Embracing Divergence

Embracing Divergence

According to the Federal Reserve Bank of Atlanta’s “GDP-Now” forecast, the US economy is expected to have expanded at a blistering 7.8% real rate during the second quarter (Q2) of 2021.[1] Abetted by that powerful tailwind, the consensus of Wall Street analysts expects second-quarter S&P 500 earnings to have risen nearly 64% compared with the same quarter last year.[2]

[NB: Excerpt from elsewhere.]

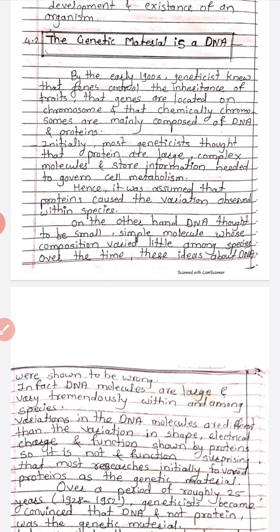By the early 1900s, geneticists knew that genes control the inheritance of traits, that genes are located on chromosomes, and that chemically chromosomes are mainly composed of DNA and protein.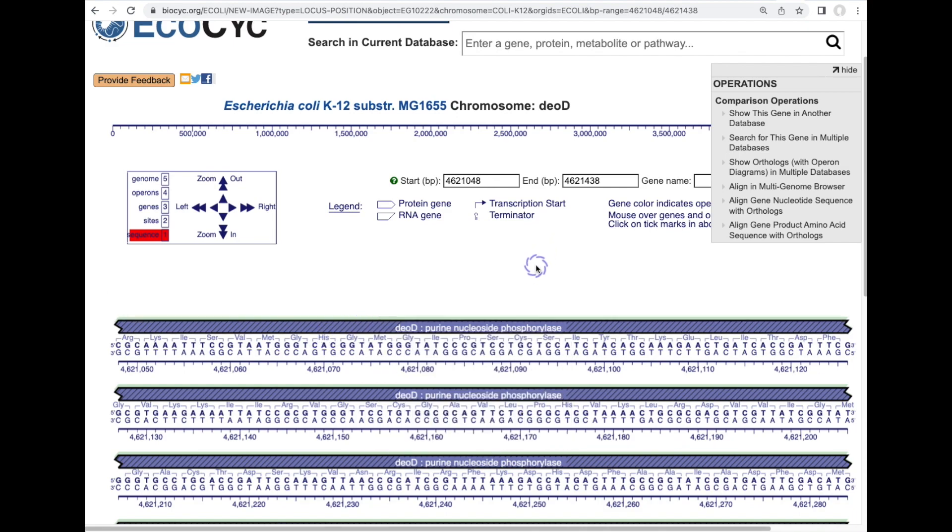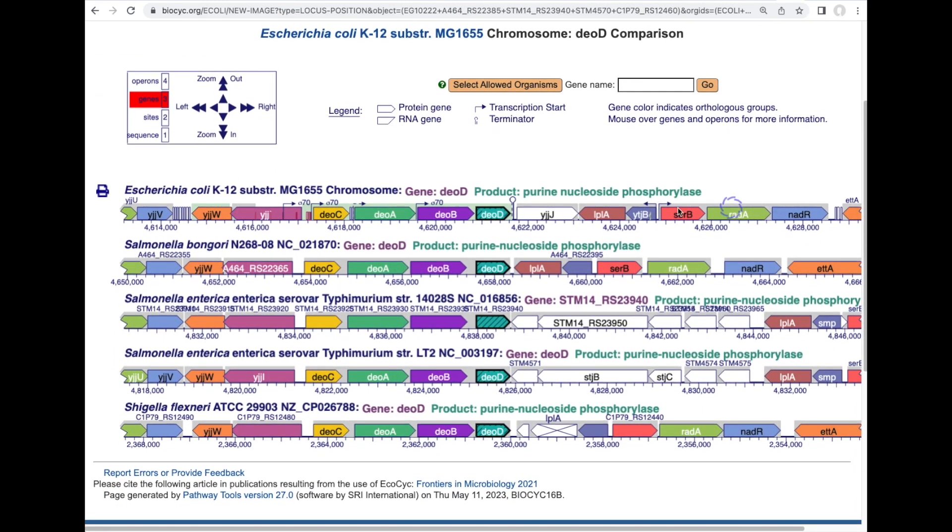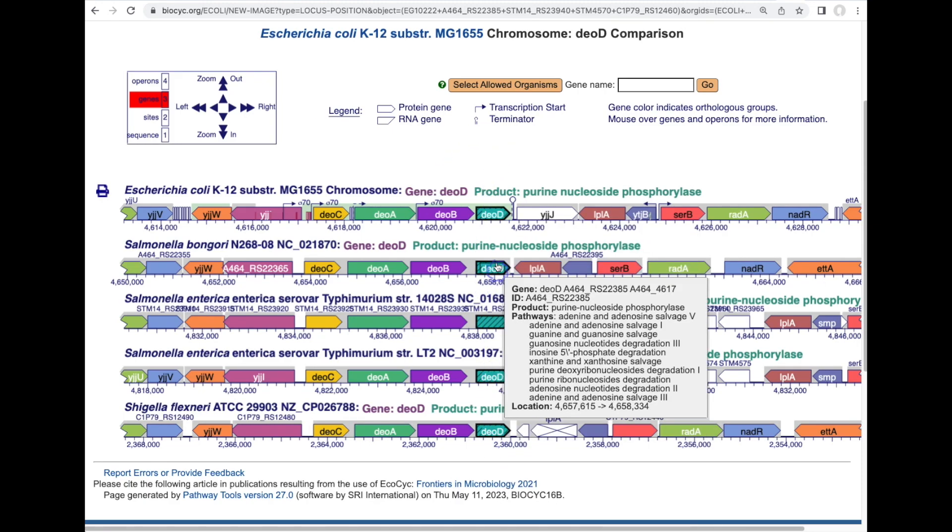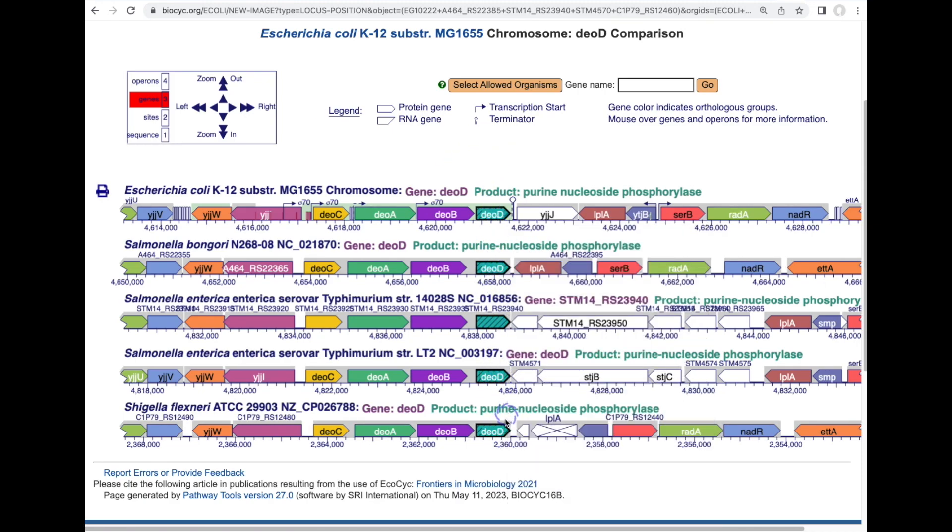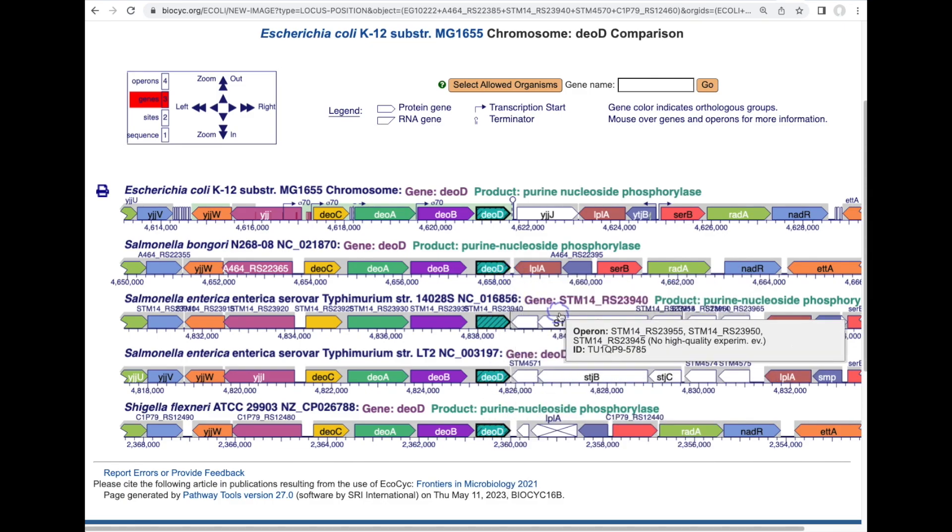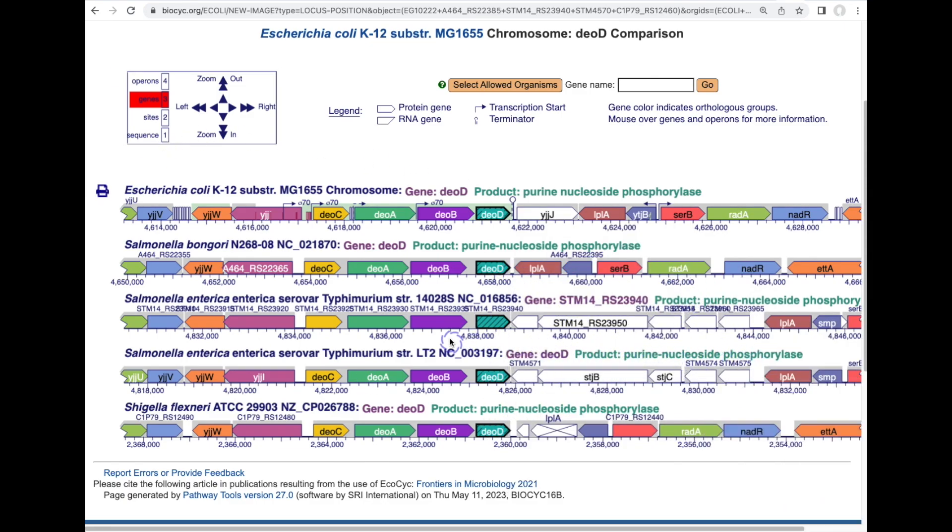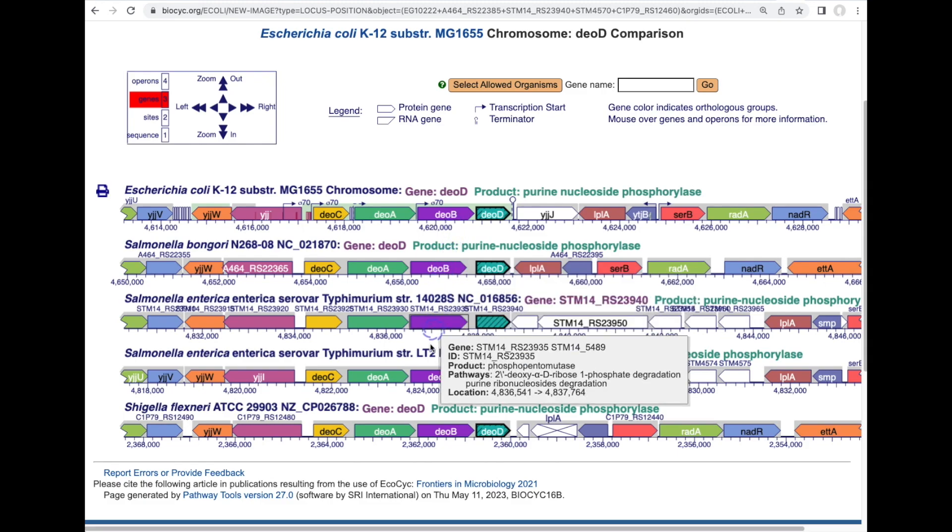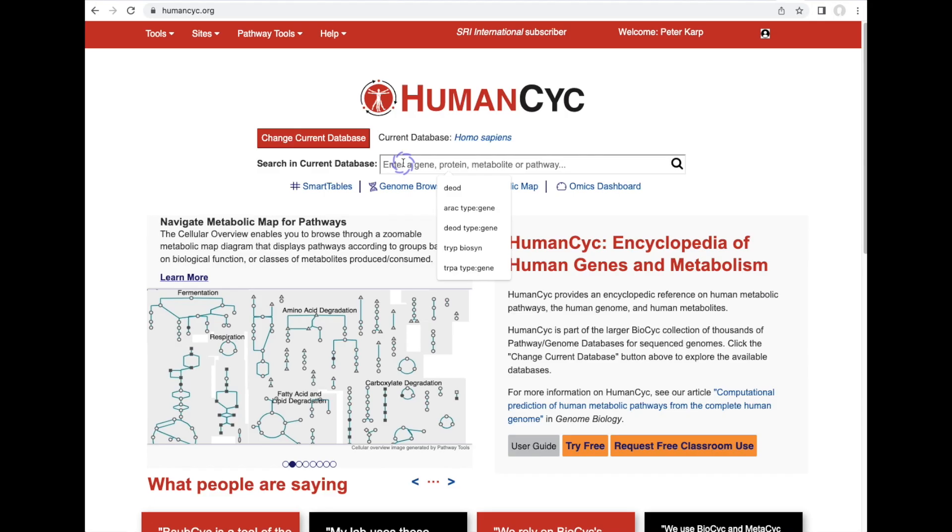We can also use the genome browser in a comparative mode. Here the comparative genome browser aligns five different genomes at the DEOD gene from E. coli K12 and its orthologs in the other genomes and shows the surrounding genome regions with orthologs drawn in the same color.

Yet, the bond market has been telling a different story. Yields have plunged nearly 50 basis points from their recent highs and the yield curve has flattened sharply, typically a sign of slowing growth and weaker corporate profits ahead.

Who is right? In fact, both the bulls and the bears have strong cases. And because it will take longer to sort things out, the implication is more volatile markets in the second half of 2021. Investors must now embrace divergence.

Let’s begin with economic activity. Even though growth is strong, forecast revisions are beginning to dip. The aforementioned “GDP Now” forecast peaked at 8.6% before falling back.[3] The latest high-frequency measures of manufacturing and surveys tell a similar story. The best of 2021 growth may be behind us.

Mixed signals

Behind the downward GDP revisions are some noteworthy concerns. Doubts have arisen about whether any US infrastructure bill can muster the necessary votes in Congress. If not, US fiscal tailwinds will fade by early 2022. Supply-side hindrances are also persistent. Anecdotal evidence suggests that firms may be reluctant to induce workers back to the job with higher wages, partly for fear of crimping profit margins. As a result, output may respond sluggishly to demand. Semiconductor chip shortages continue to hinder manufacturing, above all for automakers. Central-bank tapering discussions, in the United States and elsewhere, have also raised questions about 2022 growth.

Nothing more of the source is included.